(Short web captions)
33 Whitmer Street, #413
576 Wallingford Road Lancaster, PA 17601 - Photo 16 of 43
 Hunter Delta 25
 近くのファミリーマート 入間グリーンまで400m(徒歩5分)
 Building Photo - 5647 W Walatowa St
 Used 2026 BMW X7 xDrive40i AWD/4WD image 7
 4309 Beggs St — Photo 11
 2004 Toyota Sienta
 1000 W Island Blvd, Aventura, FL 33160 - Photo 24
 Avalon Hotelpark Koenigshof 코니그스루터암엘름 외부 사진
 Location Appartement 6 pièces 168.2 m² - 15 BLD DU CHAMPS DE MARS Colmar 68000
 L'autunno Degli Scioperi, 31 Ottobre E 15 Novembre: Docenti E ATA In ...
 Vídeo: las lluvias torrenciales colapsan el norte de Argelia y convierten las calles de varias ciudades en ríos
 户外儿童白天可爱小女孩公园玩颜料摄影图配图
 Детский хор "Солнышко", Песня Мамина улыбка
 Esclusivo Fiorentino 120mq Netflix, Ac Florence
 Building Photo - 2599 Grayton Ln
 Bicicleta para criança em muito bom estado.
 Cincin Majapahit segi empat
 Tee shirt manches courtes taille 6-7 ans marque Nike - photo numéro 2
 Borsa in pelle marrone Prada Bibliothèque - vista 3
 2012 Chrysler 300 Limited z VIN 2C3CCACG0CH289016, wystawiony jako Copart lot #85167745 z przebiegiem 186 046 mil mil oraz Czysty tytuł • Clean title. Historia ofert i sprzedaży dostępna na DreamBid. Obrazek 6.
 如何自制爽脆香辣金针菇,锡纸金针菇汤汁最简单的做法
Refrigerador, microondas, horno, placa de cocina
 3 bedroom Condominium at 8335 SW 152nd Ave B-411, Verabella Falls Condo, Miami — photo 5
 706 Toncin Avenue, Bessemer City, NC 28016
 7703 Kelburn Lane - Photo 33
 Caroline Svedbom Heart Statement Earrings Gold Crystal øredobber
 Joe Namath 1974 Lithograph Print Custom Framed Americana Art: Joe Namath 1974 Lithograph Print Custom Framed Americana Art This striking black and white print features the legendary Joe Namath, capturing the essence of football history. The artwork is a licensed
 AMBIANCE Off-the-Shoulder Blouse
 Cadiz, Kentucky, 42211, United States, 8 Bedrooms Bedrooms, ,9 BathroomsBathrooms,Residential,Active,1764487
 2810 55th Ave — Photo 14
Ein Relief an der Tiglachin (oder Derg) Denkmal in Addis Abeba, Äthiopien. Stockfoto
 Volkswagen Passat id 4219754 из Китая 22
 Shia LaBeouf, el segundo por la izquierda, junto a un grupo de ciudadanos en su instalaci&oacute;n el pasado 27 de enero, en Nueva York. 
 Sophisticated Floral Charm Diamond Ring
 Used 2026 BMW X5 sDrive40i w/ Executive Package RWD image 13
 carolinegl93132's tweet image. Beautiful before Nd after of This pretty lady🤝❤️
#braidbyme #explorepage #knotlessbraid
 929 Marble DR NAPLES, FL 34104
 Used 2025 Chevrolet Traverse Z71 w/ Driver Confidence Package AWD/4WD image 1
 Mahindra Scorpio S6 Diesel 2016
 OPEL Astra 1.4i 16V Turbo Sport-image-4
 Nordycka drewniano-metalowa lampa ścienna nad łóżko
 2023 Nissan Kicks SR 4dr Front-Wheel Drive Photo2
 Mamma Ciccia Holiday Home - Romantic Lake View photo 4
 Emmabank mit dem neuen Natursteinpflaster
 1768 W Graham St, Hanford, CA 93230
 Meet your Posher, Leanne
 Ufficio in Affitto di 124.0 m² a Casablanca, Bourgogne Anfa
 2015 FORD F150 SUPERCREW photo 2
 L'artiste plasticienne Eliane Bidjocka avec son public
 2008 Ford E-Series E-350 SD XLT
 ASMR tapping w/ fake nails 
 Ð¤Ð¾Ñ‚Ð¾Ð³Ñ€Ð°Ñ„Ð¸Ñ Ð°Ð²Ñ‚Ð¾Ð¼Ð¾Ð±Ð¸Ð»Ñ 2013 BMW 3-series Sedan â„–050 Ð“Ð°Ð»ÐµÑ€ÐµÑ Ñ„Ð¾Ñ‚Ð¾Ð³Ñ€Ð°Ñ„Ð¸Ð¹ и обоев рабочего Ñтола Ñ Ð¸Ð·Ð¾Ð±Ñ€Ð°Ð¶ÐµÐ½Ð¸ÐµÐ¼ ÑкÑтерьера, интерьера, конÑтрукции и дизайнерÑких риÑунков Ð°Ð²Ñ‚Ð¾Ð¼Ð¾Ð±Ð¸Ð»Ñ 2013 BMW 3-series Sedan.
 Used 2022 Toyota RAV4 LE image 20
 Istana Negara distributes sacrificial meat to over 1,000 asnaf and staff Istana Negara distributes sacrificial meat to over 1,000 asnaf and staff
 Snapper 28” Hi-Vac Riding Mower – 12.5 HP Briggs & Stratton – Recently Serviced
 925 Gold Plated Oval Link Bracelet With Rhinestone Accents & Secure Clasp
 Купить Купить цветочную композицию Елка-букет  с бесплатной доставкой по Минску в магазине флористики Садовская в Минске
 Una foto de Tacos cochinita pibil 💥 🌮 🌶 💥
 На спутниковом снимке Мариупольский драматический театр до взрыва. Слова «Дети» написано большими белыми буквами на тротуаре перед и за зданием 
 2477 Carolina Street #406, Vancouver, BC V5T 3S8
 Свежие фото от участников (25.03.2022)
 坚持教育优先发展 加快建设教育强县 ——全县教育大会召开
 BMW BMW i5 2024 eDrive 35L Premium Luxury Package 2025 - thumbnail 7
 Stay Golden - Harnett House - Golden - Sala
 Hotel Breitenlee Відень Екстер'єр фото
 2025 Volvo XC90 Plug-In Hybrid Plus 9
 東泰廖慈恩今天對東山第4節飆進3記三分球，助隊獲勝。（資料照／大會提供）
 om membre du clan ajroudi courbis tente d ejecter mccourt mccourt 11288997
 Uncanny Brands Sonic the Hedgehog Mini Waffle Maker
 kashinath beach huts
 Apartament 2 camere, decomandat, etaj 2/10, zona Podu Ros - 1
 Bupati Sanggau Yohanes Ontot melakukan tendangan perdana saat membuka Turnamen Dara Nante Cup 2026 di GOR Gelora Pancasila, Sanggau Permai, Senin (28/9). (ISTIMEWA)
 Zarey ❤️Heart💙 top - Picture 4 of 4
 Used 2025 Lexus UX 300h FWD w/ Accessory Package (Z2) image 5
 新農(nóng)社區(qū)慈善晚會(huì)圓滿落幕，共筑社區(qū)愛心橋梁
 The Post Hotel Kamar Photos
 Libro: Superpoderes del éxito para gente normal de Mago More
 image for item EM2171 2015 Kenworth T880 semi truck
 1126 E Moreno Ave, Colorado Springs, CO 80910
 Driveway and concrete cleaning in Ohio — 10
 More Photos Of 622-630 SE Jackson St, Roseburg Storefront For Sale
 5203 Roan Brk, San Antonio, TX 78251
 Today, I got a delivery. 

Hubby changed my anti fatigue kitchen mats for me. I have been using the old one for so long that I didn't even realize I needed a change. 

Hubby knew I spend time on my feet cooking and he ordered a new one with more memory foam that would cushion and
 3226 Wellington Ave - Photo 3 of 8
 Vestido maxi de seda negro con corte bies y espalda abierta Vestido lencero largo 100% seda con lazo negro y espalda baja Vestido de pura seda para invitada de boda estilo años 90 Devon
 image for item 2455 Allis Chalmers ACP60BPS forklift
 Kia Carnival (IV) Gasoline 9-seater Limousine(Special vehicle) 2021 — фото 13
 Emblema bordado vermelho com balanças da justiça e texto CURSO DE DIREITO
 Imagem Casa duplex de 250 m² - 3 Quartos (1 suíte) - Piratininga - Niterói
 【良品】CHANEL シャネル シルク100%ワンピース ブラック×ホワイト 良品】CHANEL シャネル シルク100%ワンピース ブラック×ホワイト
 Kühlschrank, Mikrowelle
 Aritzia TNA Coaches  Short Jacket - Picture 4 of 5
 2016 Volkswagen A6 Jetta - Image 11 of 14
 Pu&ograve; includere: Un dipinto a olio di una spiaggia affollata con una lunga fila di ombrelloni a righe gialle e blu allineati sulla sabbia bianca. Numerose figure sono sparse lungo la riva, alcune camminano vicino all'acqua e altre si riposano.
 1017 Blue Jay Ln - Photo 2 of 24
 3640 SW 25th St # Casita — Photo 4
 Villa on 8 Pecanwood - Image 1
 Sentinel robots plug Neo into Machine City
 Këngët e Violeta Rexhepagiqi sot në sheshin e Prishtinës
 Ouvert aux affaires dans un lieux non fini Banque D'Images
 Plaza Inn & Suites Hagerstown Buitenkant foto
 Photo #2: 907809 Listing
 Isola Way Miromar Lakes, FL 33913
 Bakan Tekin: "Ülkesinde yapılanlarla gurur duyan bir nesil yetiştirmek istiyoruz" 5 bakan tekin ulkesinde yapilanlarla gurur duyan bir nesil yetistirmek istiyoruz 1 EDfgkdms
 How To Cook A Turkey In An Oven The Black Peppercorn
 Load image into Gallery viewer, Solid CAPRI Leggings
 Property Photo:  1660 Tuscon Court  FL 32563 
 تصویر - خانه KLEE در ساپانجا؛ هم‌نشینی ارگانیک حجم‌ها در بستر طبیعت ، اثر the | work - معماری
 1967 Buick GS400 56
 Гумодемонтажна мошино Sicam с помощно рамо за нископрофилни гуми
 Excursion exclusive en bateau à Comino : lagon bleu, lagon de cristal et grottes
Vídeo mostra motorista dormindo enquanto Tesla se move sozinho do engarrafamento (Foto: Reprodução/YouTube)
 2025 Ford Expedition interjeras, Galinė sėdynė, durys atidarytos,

* _YOUR INSTRUCTIONS_: From the lines above, copy those that contain the word "Hubby".

* _WRITTEN RESPONSE_:
Hubby changed my anti fatigue kitchen mats for me. I have been using the old one for so long that I didn't even realize I needed a change. 
Hubby knew I spend time on my feet cooking and he ordered a new one with more memory foam that would cushion and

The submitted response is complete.